I also want to thank our witness, Chairwoman Rosenworcel for taking the time to appear before this subcommittee. I look forward to your testimony.
As with the airwaves that are broadcasting this hearing, the FCC’s influence on the economy, national security, and daily routines of Americans is paradoxically both ubiquitous and invisible.
The FCC regulates the non-Federal use of the electromagnetic spectrum that we rely on for mundane activities like opening and closing the garage door, all the way to the global delivery of events that allows us to witness history as it unfolds in real time. And not just on television, but over mobile devices.
The FCC also regulates speech – specifically, children’s programming, campaign advertising, and indecency – but today only for broadcasters. Whether the FCC should, or should not, or to what degree, regulate the speech of social media platforms is currently under debate. Personally, I’ve introduced legislation—the 21st Century Free Speech Act—that would ensure that all Americans have reasonable, non-discriminatory access to Big Tech speech platforms. It would also limit the ability of Big Tech platforms to discriminate against free speech on ideological or political grounds. That’s because I believe that Americans—rather than Big Tech companies—should determine what information to consume, share, and believe.
The FCC also, in coordination with other Federal agencies, has a role in regulating communications equipment – equipment that may pose an unacceptable national security risk, which means the FCC can prohibit the sale or use of domestic or foreign-made equipment in the United States.
We are in an information age that depends on reliable and secure data, video, and voice transmissions, as well as reliable and secure networks and devices.
We all experienced that first-hand during the pandemic, trying to work from home while sitting around the kitchen table with our children, who were trying to attend class remotely.

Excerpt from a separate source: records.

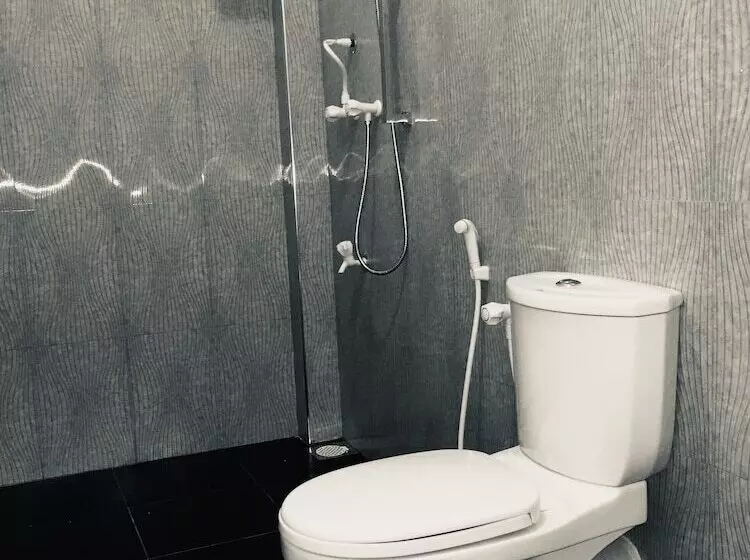 Majatalo Hot Tuna Surfers Rest Midigama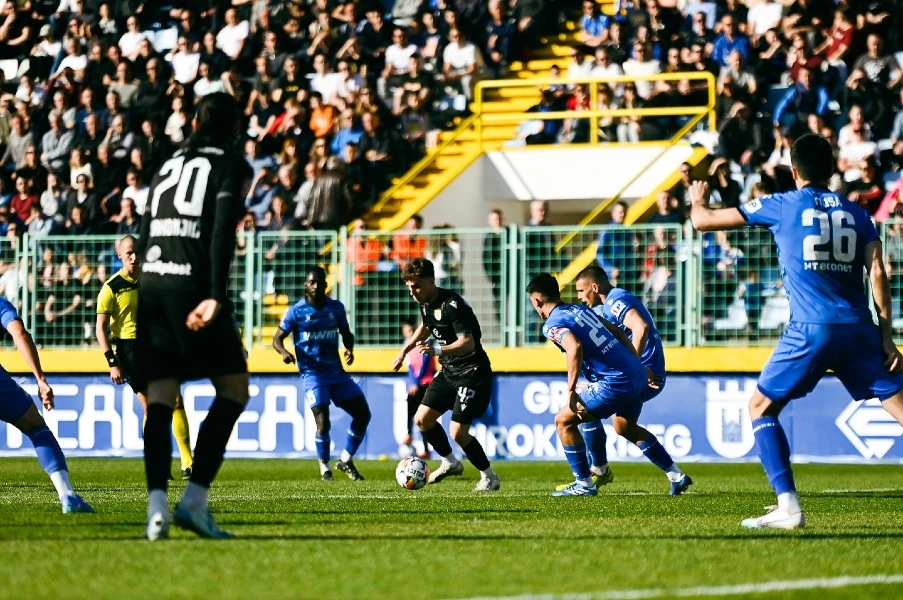 Lijepa atmosfera na Pecari: Širokom pobjeda u susjedskom derbiju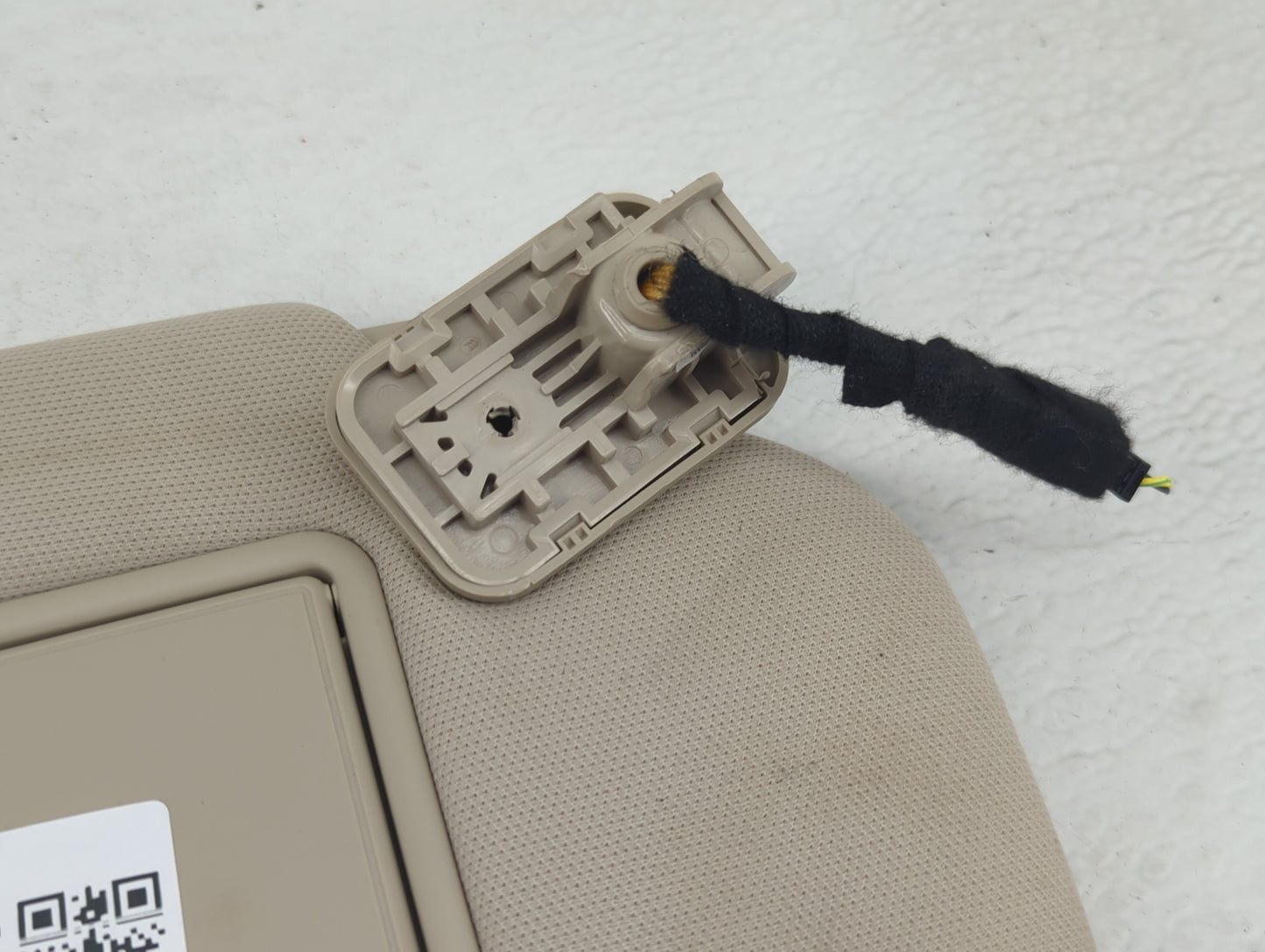 2021 Ford Explorer Sun Visor Shade Replacement Passenger Right Mirror Fits OEM Used Auto Parts - Oemusedautoparts1.com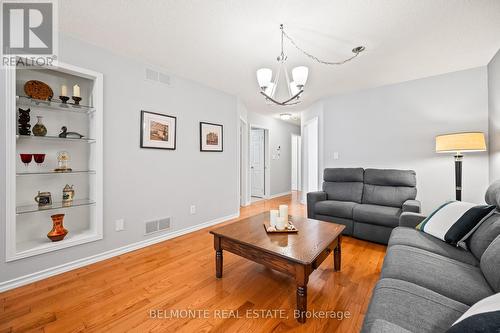 21 Caleche Avenue, Clarington (Courtice), ON - Indoor Photo Showing Living Room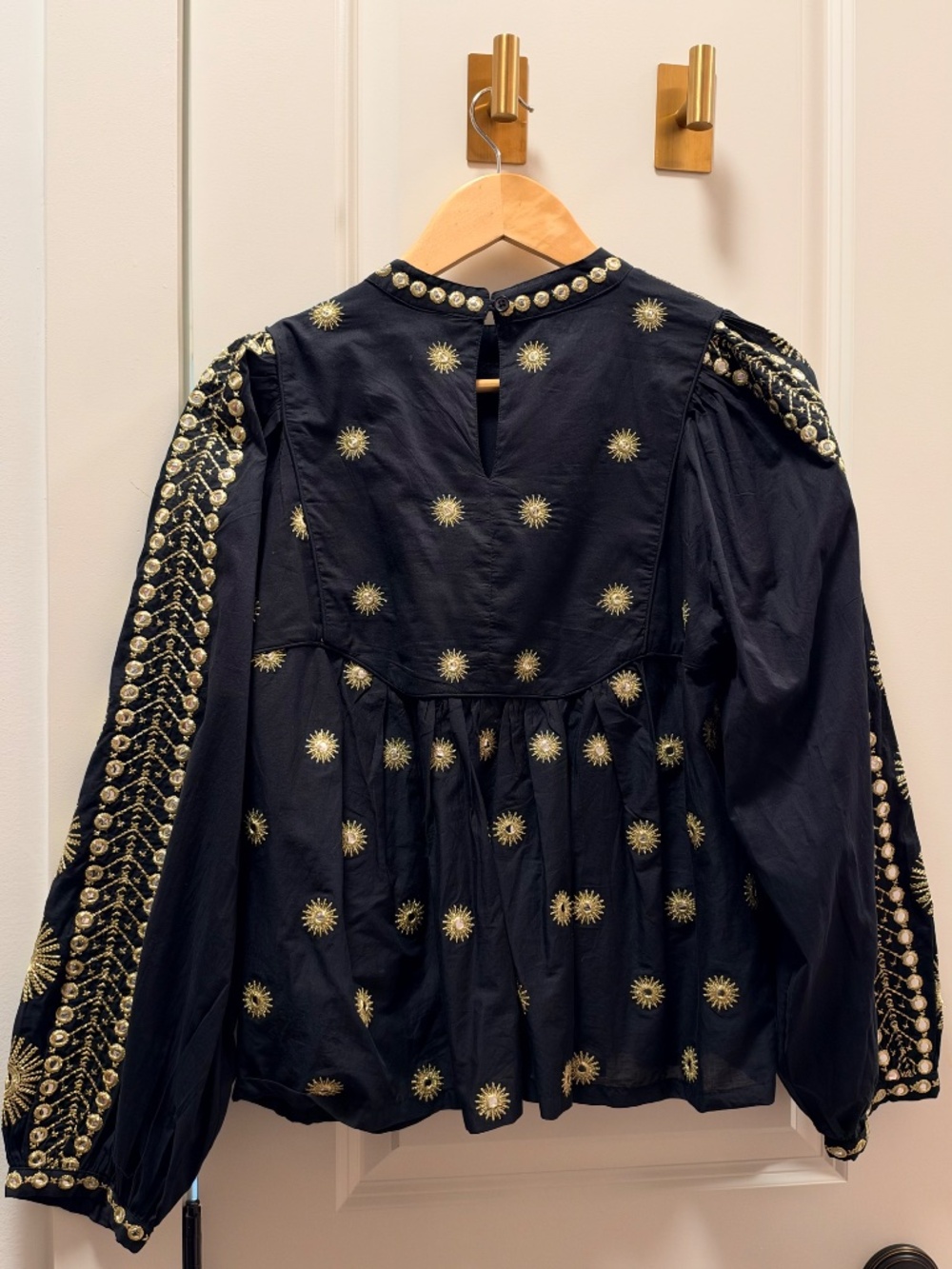 Farm Rio Embroidered Top Blouse - Picture 3 of 4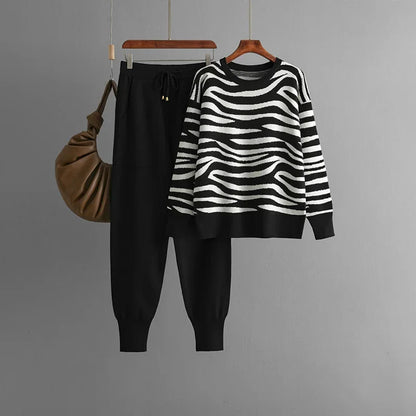 Velvora™ Cashmere Set — Wrap Yourself in Irresistible Softness and Head-Turning Style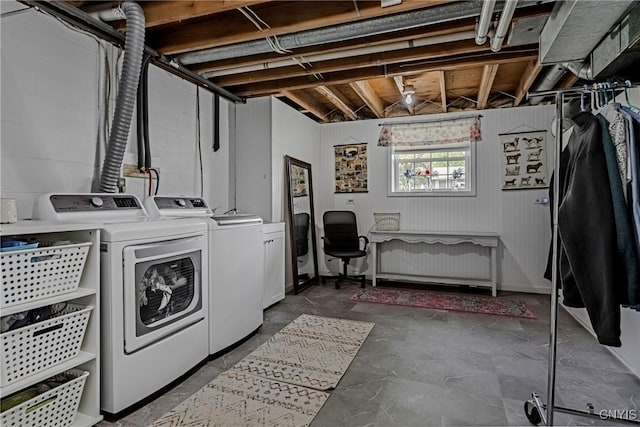 8272 Northgate Dr, Rome-Outside, NY 13440 - laundry area with washing machine and clothes dryer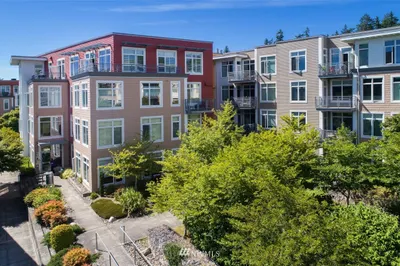 180 Harbor Square Loop NE #B-222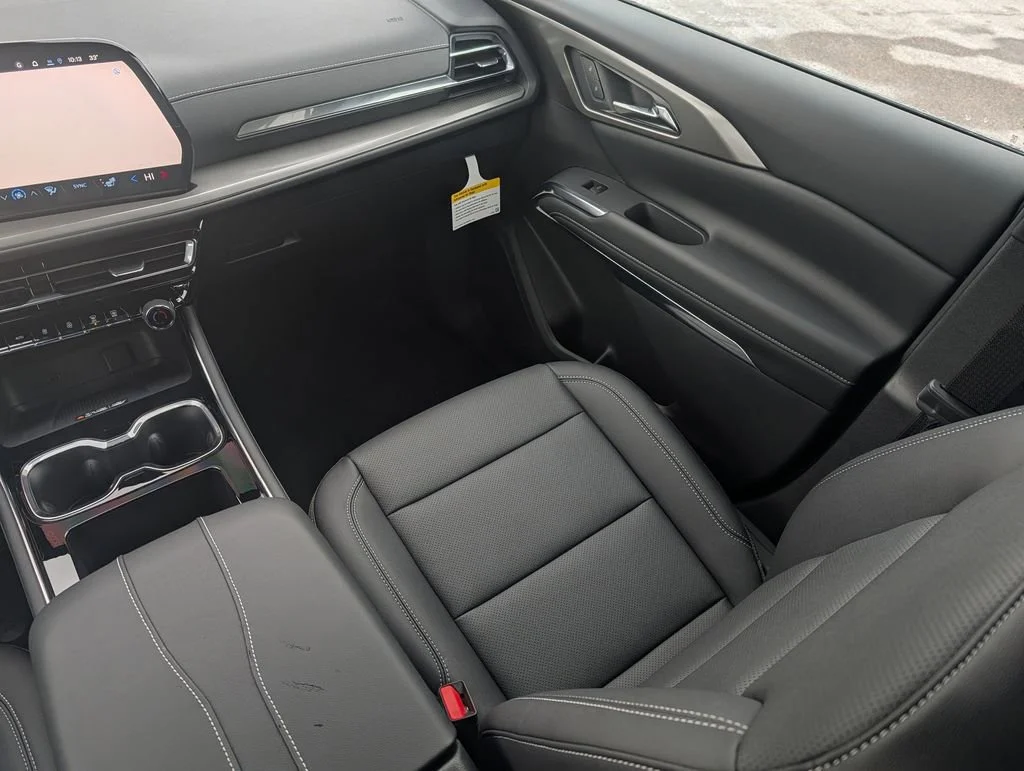 2026 Chevrolet Traverse LT - Photo 9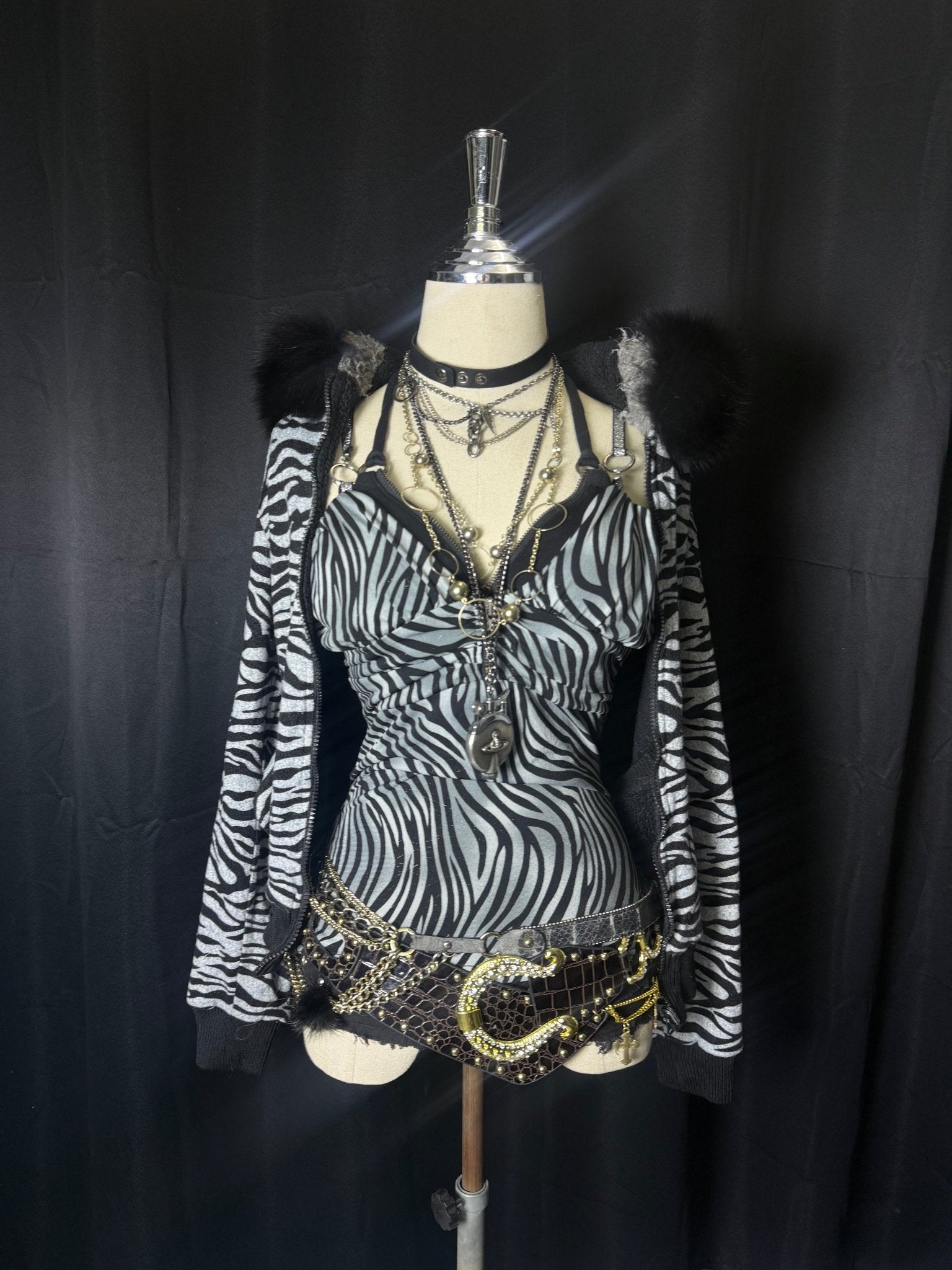 B2V - OUTFIT ༒ vintage streetwear thrift y2k clothing by B2V_BAD2WEAR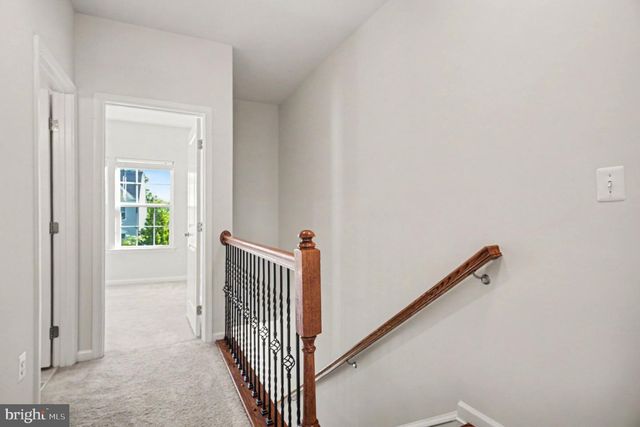 1643 DOROTHY LN, Woodbridge, VA 22191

The FCC’s highest priority, according to its strategic plan, is to help bring affordable, reliable, high-speed broadband to 100 percent of the population.
Once upon a time, in the 1950’s, the FCC’s highest priority was to bring telephone service to 100 percent of the population. Telephones, rotary ones, were considered a necessity that should be provided to all. The FCC has come close, but still has not achieved ubiquity.
As technology changed, the definition of universal service changed to encompass wireless service. And now it includes broadband.
I’ll also add that the definition of broadband has changed. At one point, it was the 10/1 standard, now it is 25/3, and in the future it could be 100/20. In other words, as long as the definition and measure of universal service and broadband keeps changing, then the goal of 100 percent connectivity is unattainable.
One thing, however, that has not changed, nor will it ever, is that resources are limited.
The FCC relies on fees to pay for its operations. In Federal budget parlance, these costs are offset, which is often mistaken for “free.” These costs are not free. They are ultimately paid by consumers and it is the subcommittee’s prerogative to limit these costs, which are growing.
If the FCC’s full budget request were enacted, then the FCC’s costs will have grown by 26 percent, or 8 percent annually on average since FY21, excluding mandatory funding.
As a former businessman, I instinctively want to see evidence of a corresponding increase in output or productivity for that type of increase in investments.
Chairwoman Rosenworcel, I hope you can address these concerns, particularly my concerns with national security, today in both your testimony and during the period of questions.